Le Rapport sur les services de garde et de soins aux familles expose l’urgence de mettre en place des conditions de travail équilibrées et équitables dans l’industrie de la production cinématographique et télévisuelle canadienne.
La Coalition des femmes du cinéma, de la télévision et des médias numériques du Canada (Coalition WIFT Canada) – en lien avec Reel Families for Change Canada, ont révélé les résultats du Projet de services de garde et de soins aux familles – une étude pancanadienne qui vise à mieux comprendre et quantifier les défis liés à la prise en charge des enfants et des familles en période de pandémie dans le secteur cinématographique et télévisuel.

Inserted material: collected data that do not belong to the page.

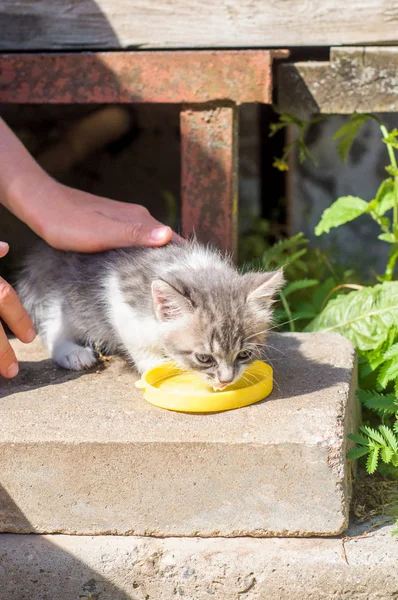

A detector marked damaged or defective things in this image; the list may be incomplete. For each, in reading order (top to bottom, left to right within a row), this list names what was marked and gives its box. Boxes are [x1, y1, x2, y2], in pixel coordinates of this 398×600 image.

rusty metal beam [0, 51, 278, 105]
rusted red metal bracket [0, 48, 286, 251]
rusty metal beam [181, 105, 238, 253]
rusty metal beam [276, 46, 398, 118]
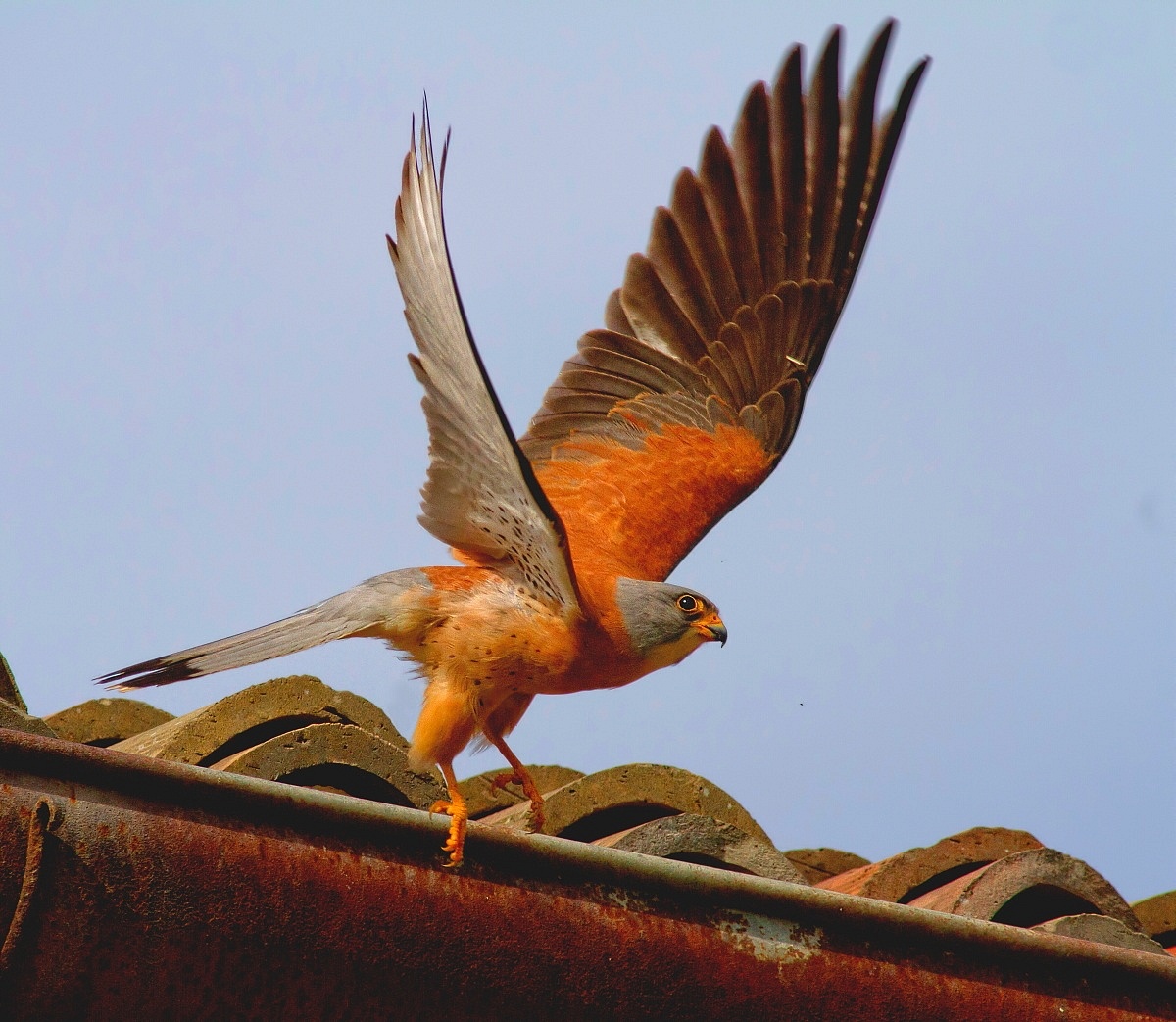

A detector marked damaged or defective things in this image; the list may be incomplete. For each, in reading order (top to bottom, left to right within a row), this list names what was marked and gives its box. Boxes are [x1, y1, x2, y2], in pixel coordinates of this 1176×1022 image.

rusty metal flashing [0, 729, 1171, 1015]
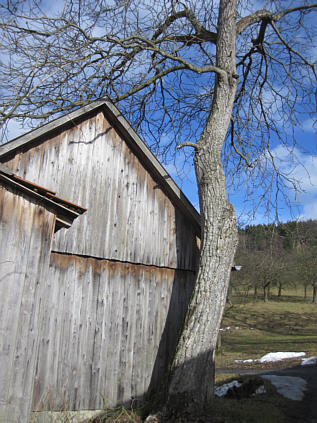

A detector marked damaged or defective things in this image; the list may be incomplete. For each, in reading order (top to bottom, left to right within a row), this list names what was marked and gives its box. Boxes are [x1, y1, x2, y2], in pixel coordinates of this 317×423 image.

rusted metal roof edge [0, 171, 86, 229]
rusted metal roof edge [0, 97, 199, 234]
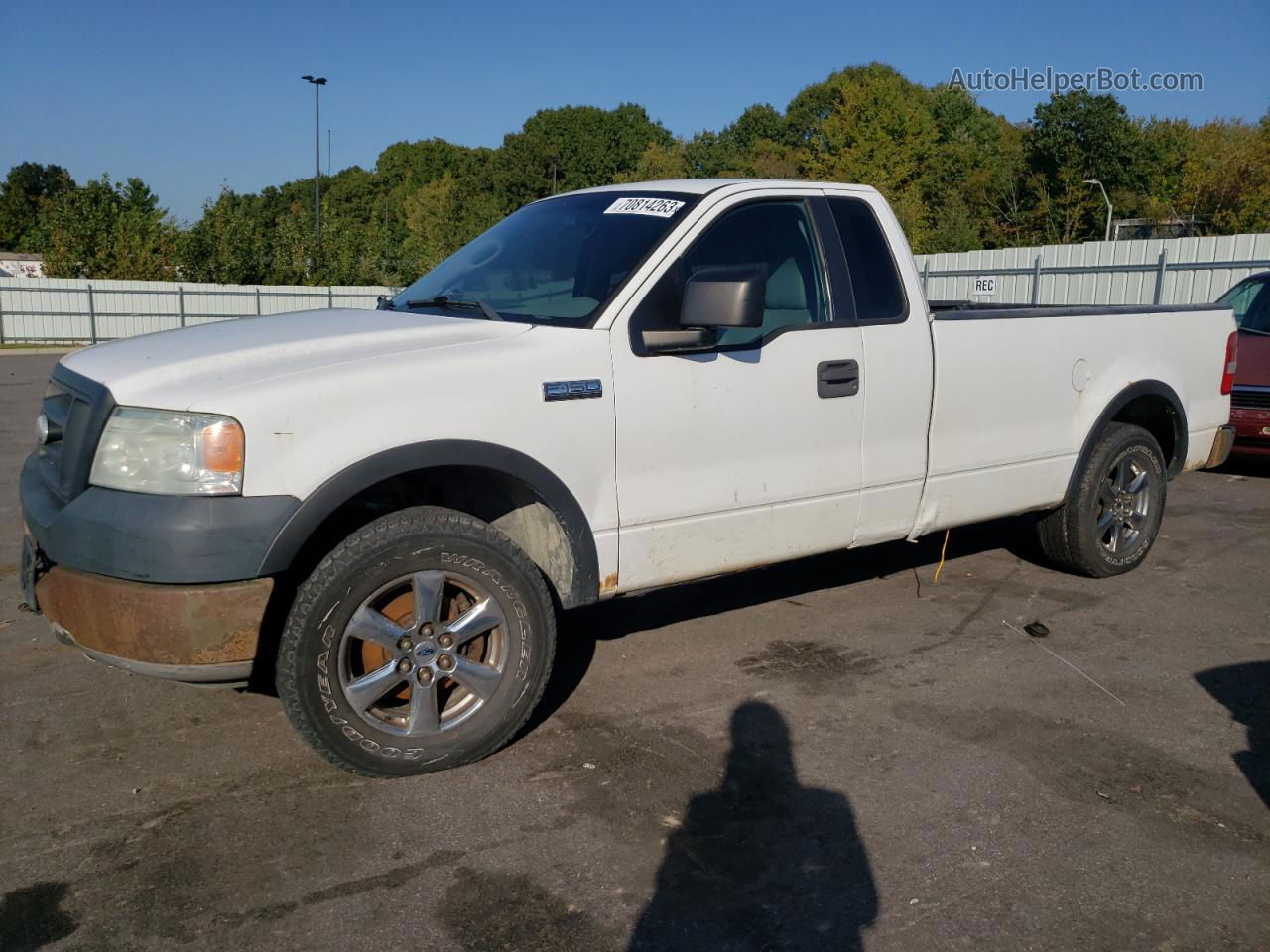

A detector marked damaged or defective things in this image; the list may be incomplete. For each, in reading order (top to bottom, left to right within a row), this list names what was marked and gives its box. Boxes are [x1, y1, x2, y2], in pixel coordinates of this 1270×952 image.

rusty front bumper [34, 563, 274, 682]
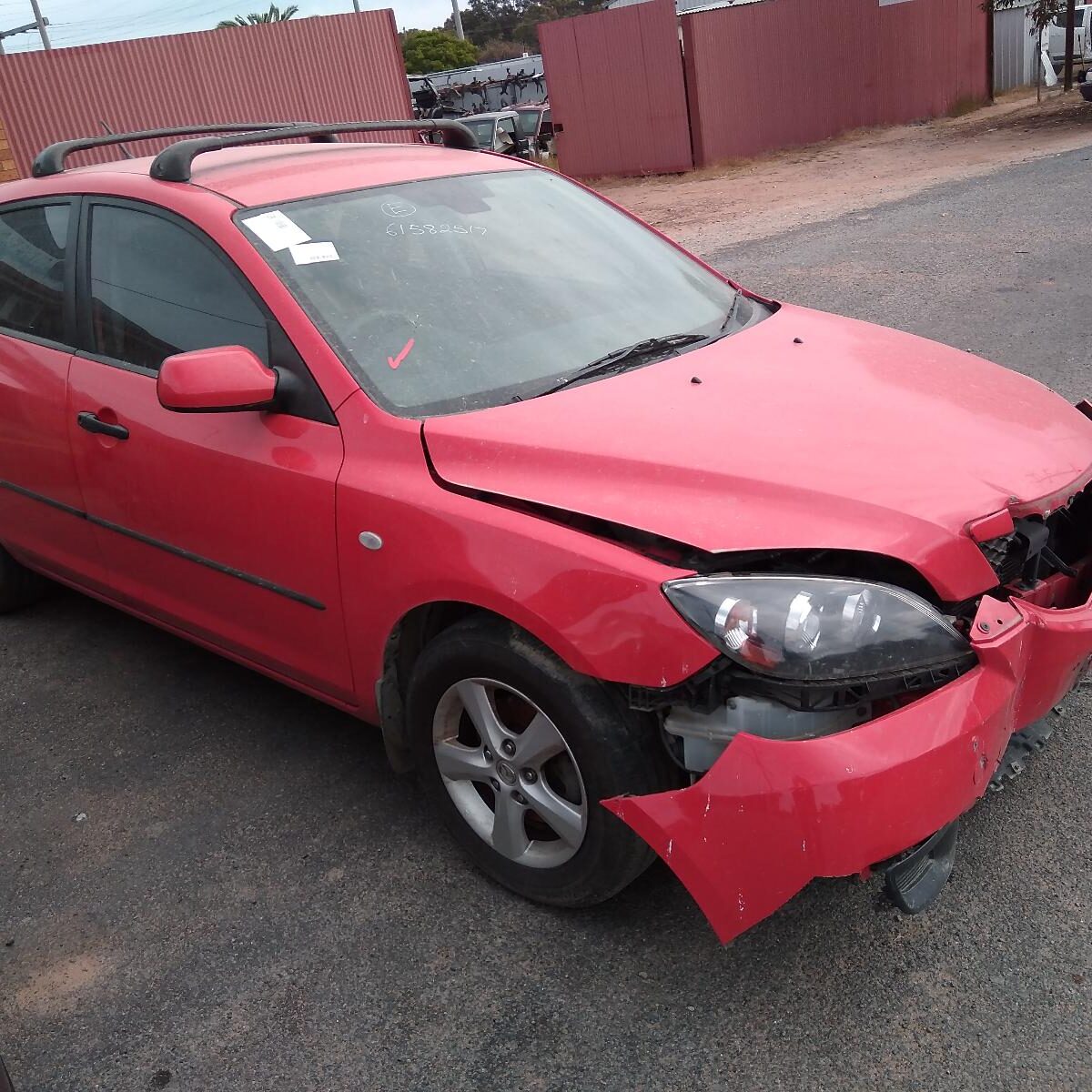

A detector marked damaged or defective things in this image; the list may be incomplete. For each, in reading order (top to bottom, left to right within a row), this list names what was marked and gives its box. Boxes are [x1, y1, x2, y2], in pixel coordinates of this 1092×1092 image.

damaged red sedan [2, 117, 1092, 939]
broken headlight assembly [662, 571, 976, 684]
cracked bumper panel [601, 593, 1092, 939]
crushed front fender [601, 593, 1092, 939]
crumpled front bumper [604, 593, 1092, 939]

L’étude conclut que le gouvernement fédéral devrait immédiatement convoquer une table ronde de l’industrie afin d’entamer des discussions avec les syndicats et les employeurs quant à la mise en œuvre des changements proposés à la politique fédérale de crédit d’impôt sur la main-d’œuvre pour que celle-ci favorise la garde d’enfants et les soins à la famille, et ce, d’ici 2024. En même temps, le gouvernement, les employeurs de l’industrie et les syndicats doivent immédiatement mettre en place des conditions de travail équilibrées et équitables au sein de l’industrie canadienne de la production cinématographique et télévisuelle.
Les faits :
* Le financement et la disponibilité des services de garde d’enfants ou de garde familiale, y compris les services de garde culturellement adaptés, sont limités dans l’ensemble de la communauté.
* L’équilibre entre travail et vie privée dans l’industrie du cinéma et de la télévision est particulièrement difficile. Les longues heures, les heures supplémentaires obligatoires et les conditions de travail exigeantes excluent les personnes ayant des obligations familiales ou, à tout le moins, limitent leurs possibilités.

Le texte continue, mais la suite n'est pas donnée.